Now, Tom laughed, “If there’s a need, we’re going to fill that need. That’s kind of been our gig.”
Karen explained, “You can’t be blessed and not give something back. You can’t have all those graces and not share them. It just doesn’t stop.”
GOSPEL TRUTH: Tom’s advice for new Catholics is to read the Gospel of Matthew, spending plenty of time with the Sermon on the Mount. Then read the Acts of the Apostles to see how the Apostles lived.
He said, “Take a look at how they reached up with the Holy Spirit and went out and did things that they had no idea they could do. We can all do that.”

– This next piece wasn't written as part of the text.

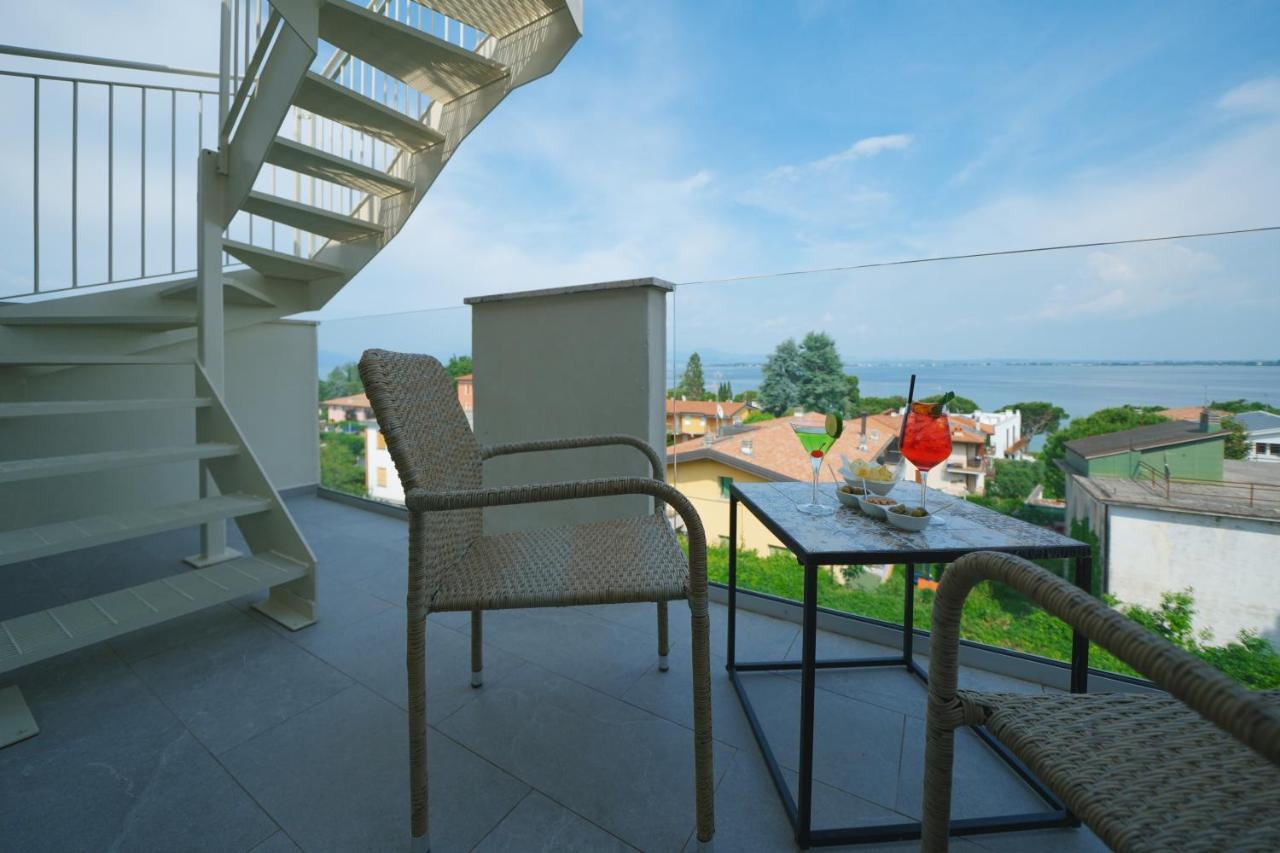 Hotel Palazzo Del Garda & Spa Десенцано дел Гарда Екстериор снимка
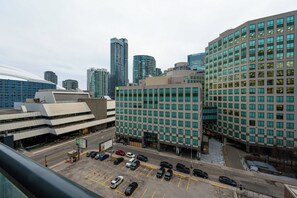 Exterior - Modern 3BR Retreat, Bright & City-View (Toronto)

He added, “I really feel wonderful to be part of the Church founded by Jesus Christ. Not by some preacher.”
GROWING IN FAITH: One year for Lent, a friend challenged Karen to listen only to Catholic radio. She reluctantly agreed. “Then I got hooked. For a lot of it, I knew those things in my heart, but I didn’t know how to explain it.”
Karen and Tom take advantage of an adult faith formation class at the parish along with Catholic resources in the media and online.
CATHOLIC CORE: Karen doesn’t hesitate when asked why she’s a Catholic. “The Eucharist. The community. The eternity of it. As it was in the beginning, is now, and ever shall be.”
She continued, “No matter what you see on the news, and no matter how horrible it is, I came to the realization that it’s a war won by Christ. So, I can have worry, but I don’t have to be depressed, and I don’t have to give up, because it’s already done.”